As the truck drove off Lonnie came back and Wayne asked,”Whadya tell him?” Lonnie responded with a big grin, “I thanked him for his help.” Rule Two of the North – get out and survey the situation with your own eyeballs before doing anything to help. I’ve seen people asking to jump start their car off my battery holding two pieces of wire that were insufficient to power a flash light. I’ve seen people asking for a tow holding an extension cord. Although desperate times require desperate measures, some people just start out desperate!

“Damn its cold out here! Lets hop in the wagon and warm up,” said Lonnie. So they all scampered off to the the wagon to discover the running car was locked. Their only ride as idling but no one could hop in to enjoy the warm benefits. Wayne said, ”We need a coat hanger to get this thing open.” Lonnie walked over to the Toyota and broke off the antennae. It worked great. Into the warm wagon everyone went. “Oh this feels good” someone said. A ”Family Truckster” with a big V-8 really puts out heat, even at idle. Not like the plethora of puny four cylinders running around today. Those beasts made heat. If Han Solo would have had a Mercury Wagon in the first Star Wars movie he wouldn’t of had to stuff Luke into that stinky Tauntaun. They could have even stuffed the Tauntaun into the wagon and saved it.

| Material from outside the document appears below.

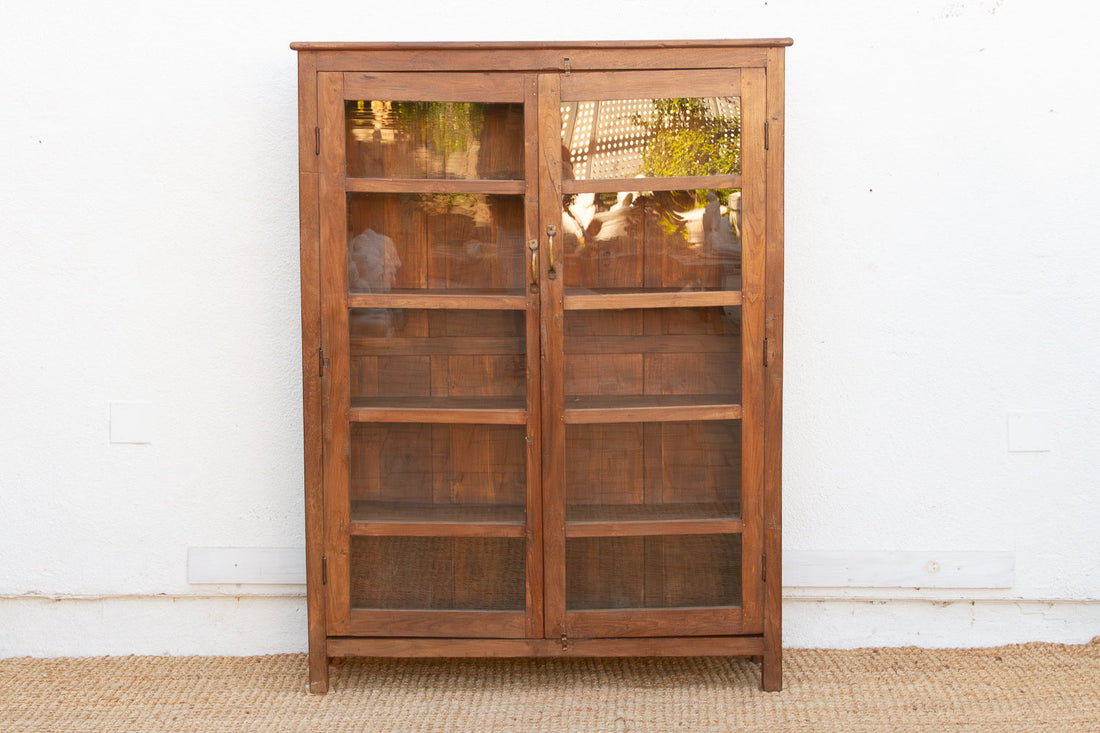 Antique Colonial Veranda Teak Glass Cabinet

While warming up, Wayne had an idea. We’ll back up the service truck with the Toyota then drive off the road. When the Toyota goes over the edge, it will fall off into the ditch separating the bumpers. Genius! Now we all know how those genius ideas can work out – not so well. But it was a great idea. It had merit. What do we have to loose. As he pushed the Toyota over the prepuce the bumbers fused together and you knew they were not coming apart. With all ideas exhausted the crew scrambled into the station wagon and it crawled home with its four occupants.

This story could end here but we got a service truck that belongs to Wayne’s employer to recover. They might not be so happy their service truck was left on the Interstate. Early the next morning Wayne and Lonnie headed out to the site to survey the situation. One could only guess what collided into the vehicles during the night. This time they were prepared. They brought a cutting torch. As they arrived on scene all was as it was left. The Toyota: Front bumper – gone. Front end – smashed. Left side cab – smashed. Aerial – gone. Topper- smashed. The service truck: locked on the back in mating position. The next thing you knew was the torch was lit and the frame of the Toyota was cut in two. Free at last, Free at last, Free at last. (MLK)

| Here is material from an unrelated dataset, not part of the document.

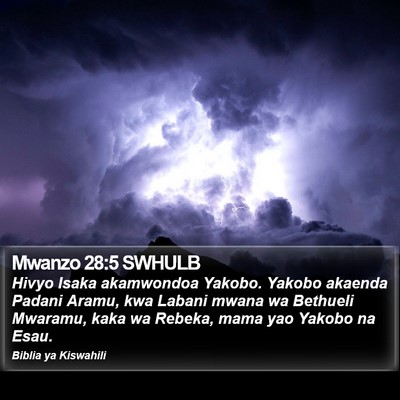 Mwanzo 28:5 SWHULB Bible Verse Image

Wayne hopped into the service truck and Lonnie followed in the car. The best thing about driving down the Interstate after a blizzard is you get to see all the carnage from the day or days before. Once I came across a drift that was 30 feet high and on the very top was a giant snow plow standing on its tail. It had blasted up the drift until it was vertical and stopped. I can’t imagine how the driver felt particularly when he had to jump from the cab into a snowbank holding up his truck. Isn’t that when the truck tips over on Wile E Coyote.

Several miles down the road they came upon a highway patrolman sitting next to an abandoned car with the back smashed in. They stopped and talked to the officer. He told them the car was stopped on the highway when a Toyota pickup truck hit them from behind. "The guy in the pickup truck didn't even own it. It belonged to his sister. The Toyota wouldn’t start so they left it behind and proceeded in the car. The car made it to here when it ran out of gas because the fuel take was ruptured in the accident. Highway patrol picked them all up and took them to Bismarck. As we speak they are on their way out here to pick up their cars,” he said.

Wayne, knowing there was no point to giving up his story here said, “Well I’m glad no one was hurt. Lonnie, let’s get going……”

Later that day the brother of the owner of the Toyota arrived at the truck.

How did he put together what he was looking at? What was he thinking? I for one would like to know.